ClinicSpeak: fampridine trial results

Does fampridine, a chemical that drives axonal conduction, speed up progressive MS? #ClinicSpeak #MSResearch #MSBlog

“The fampridine/dalfampridine extension study below has mixed messages. The good news is that responders still respond; if you are a responder and come off the drug you will still respond when you go back onto the drug; there were no new safety signals seen with fampridine. The bad news is that MSers still progress. The million, or 100 million, dollar question is does fampridine/dalfampridine increase the rate of disease progression?”

“Fampridine is the name for slow-release 4-aminopyridine. We think fampridine works by lowering the requirements for axons (the electrical cables of nerves) to conduct an electrical impulse. Fampridine blocks a specific group of proteins on their surface called voltage-gated potassium channels. This makes it more likely for an electrical impulse or action potential to be transmitted across a demyelinated segment of an axon. Although this will improve motor function, i.e. walking speed, the effect on sensory and other pathways may make some symptoms worse, for example exacerbation of pain and increase in the frequency and severity of MS-related positive symptoms (pins & needles, muscle spasms) and it can trigger seizures.” 

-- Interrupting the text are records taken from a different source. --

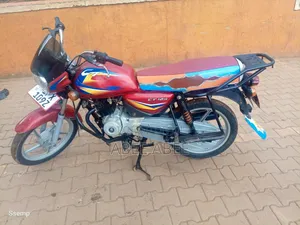 Bajaj Boxer 100 2023 Red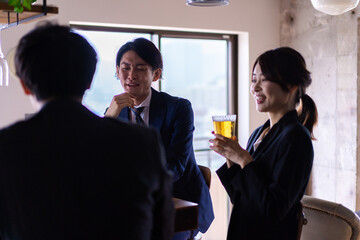 バーでお酒を飲む男女の会社員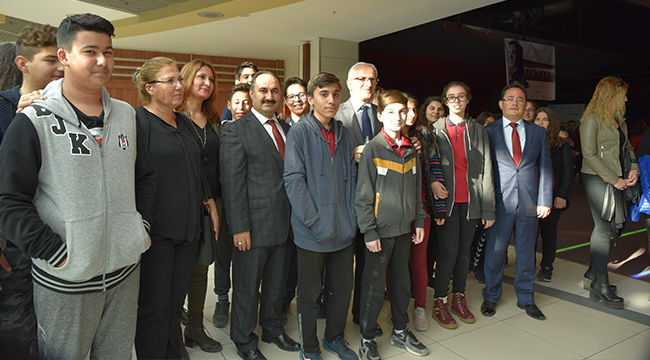ÖĞRENCİLERİN SİNEMA KEYFİ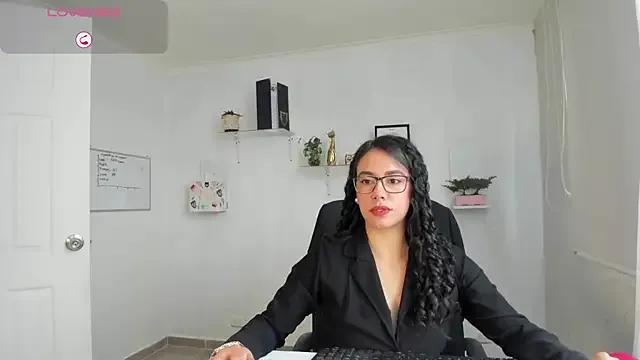 paulina_dossantos from StripChat is Freechat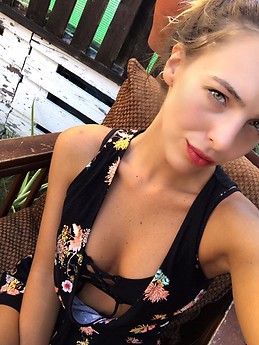 María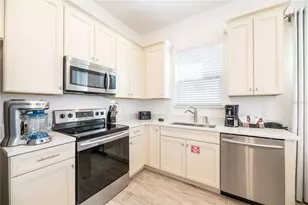 2956 Salted Rim Rd, Kissimmee, FL 34747 - Photo 6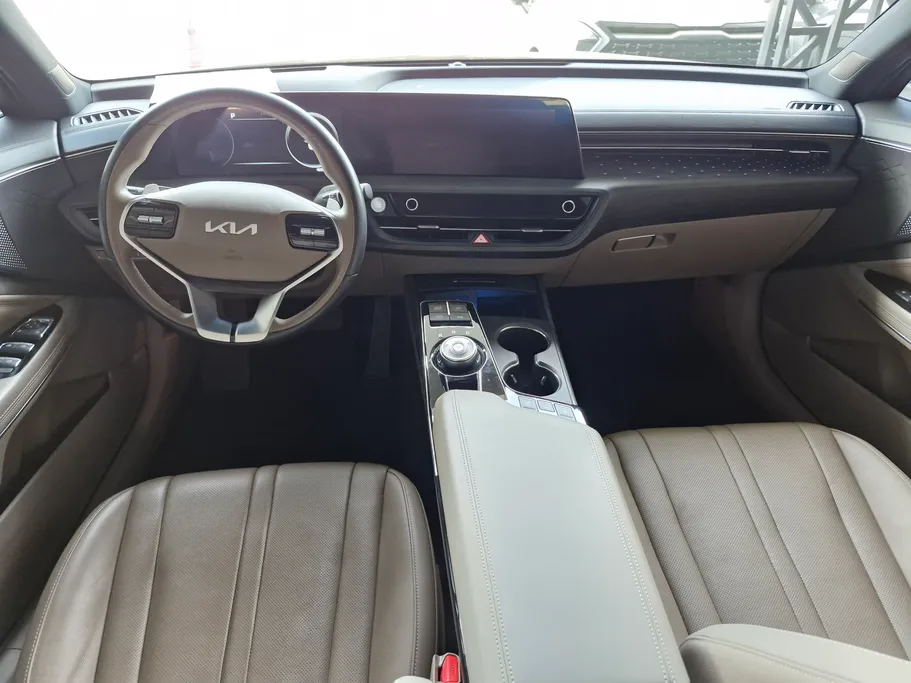 2023 Kia K8 GLS 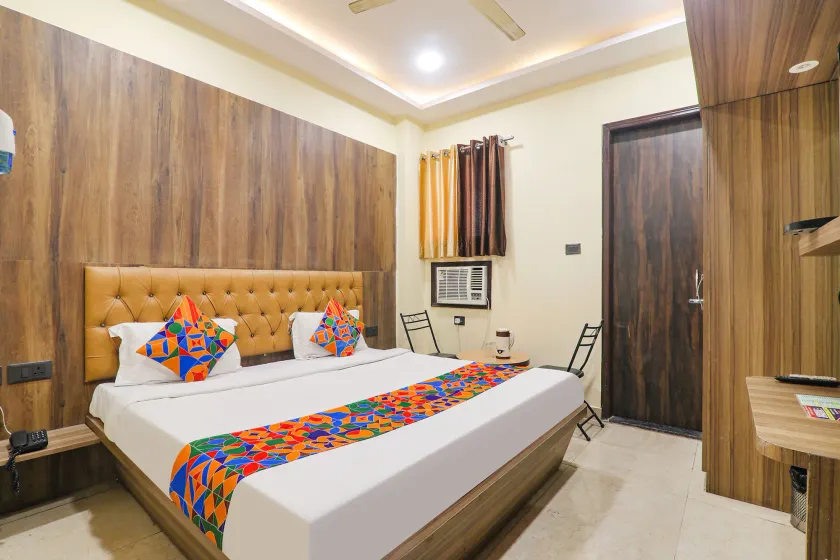 Townhouse Jayati Oasis Inn - Image 1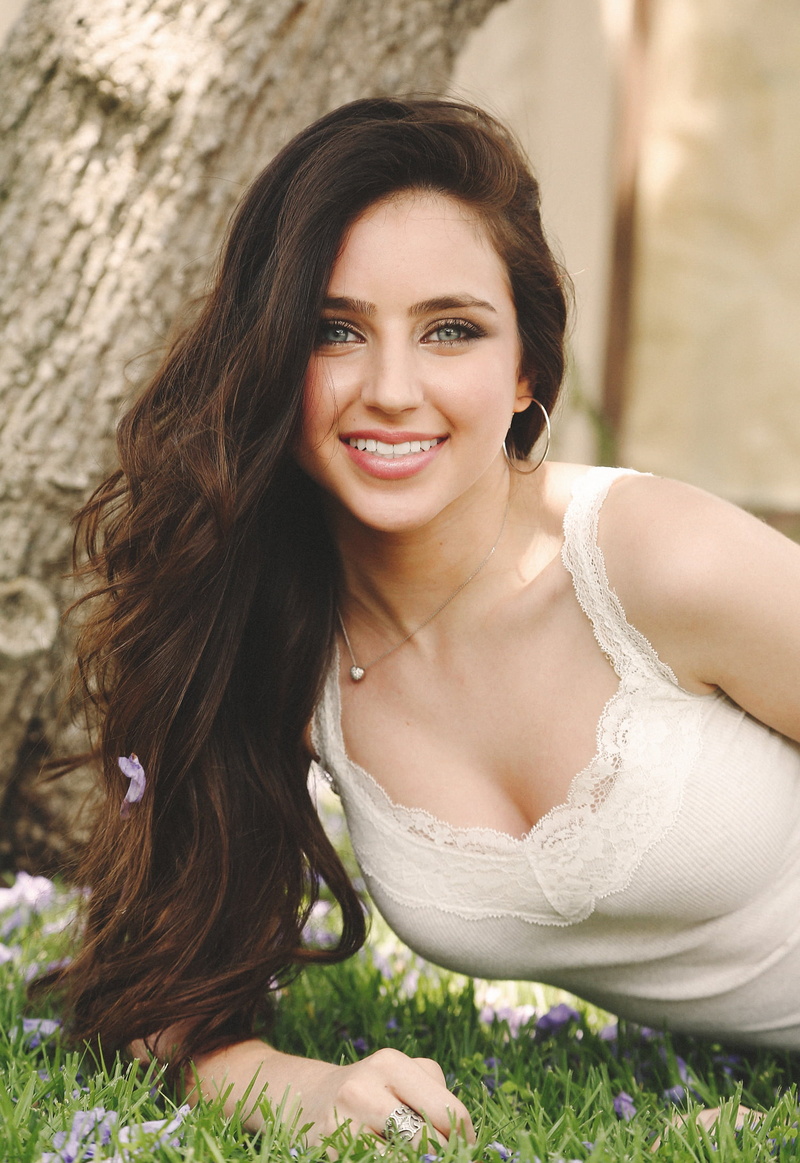 necklace, brunette, blue eyes, Ryan Newman, 1080P, smiling, women, depth of field, grass, lying on side, actress, women outdoors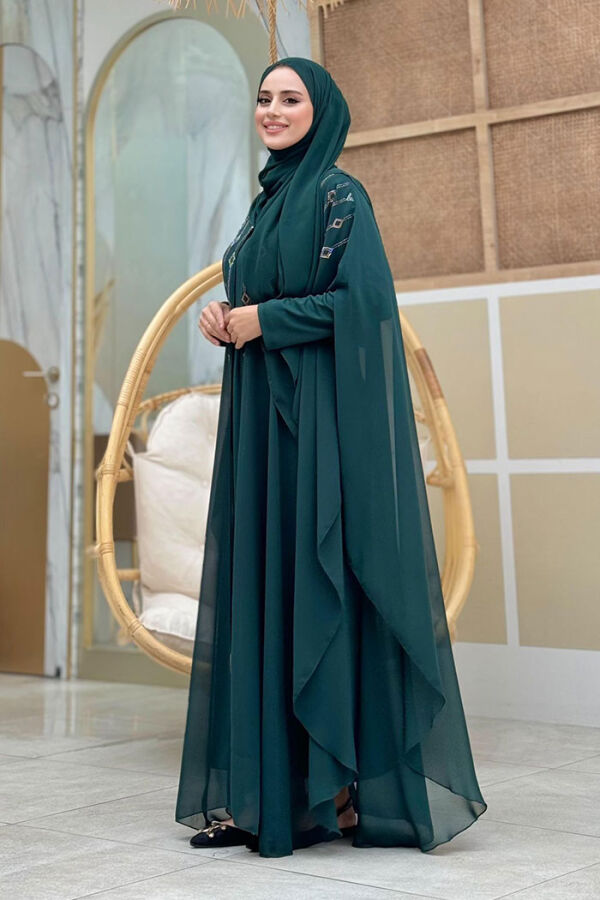 Abendkleid-Anzug aus Chiffon mit Cape und Kapuze, Steinstickerei, 3779 Smaragd - 3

“Aminopyridines will almost certainly increase the energy requirements of damaged, vulnerable, demyelinated axons as they will require more energy for repolarization the process by which they get ready to transmit another electrical signal. There is now good evidence that increasing the energy requirements of axons may result in further axonal injury and loss. Essentially this is the theory underlying the use of sodium channel blockers, such as phenytoin and oxcarbazepine, as neuroprotective compounds in MS. By reducing transmission you reduce the energy requirements and hence protect vulnerable axons. We have shown neuroprotective effects of sodium channel blockers in our animal model many times. For these reasons I am wary about the long-term use of Fampridine in MS-related motor fatigue. I am worried that Fampridine may speed up the rate of disability progression. I stand to be proved incorrect on this; the only way to find out is by doing clinical trials and following up patients with progressive MS on these medications for long periods of time using standardised methods.” 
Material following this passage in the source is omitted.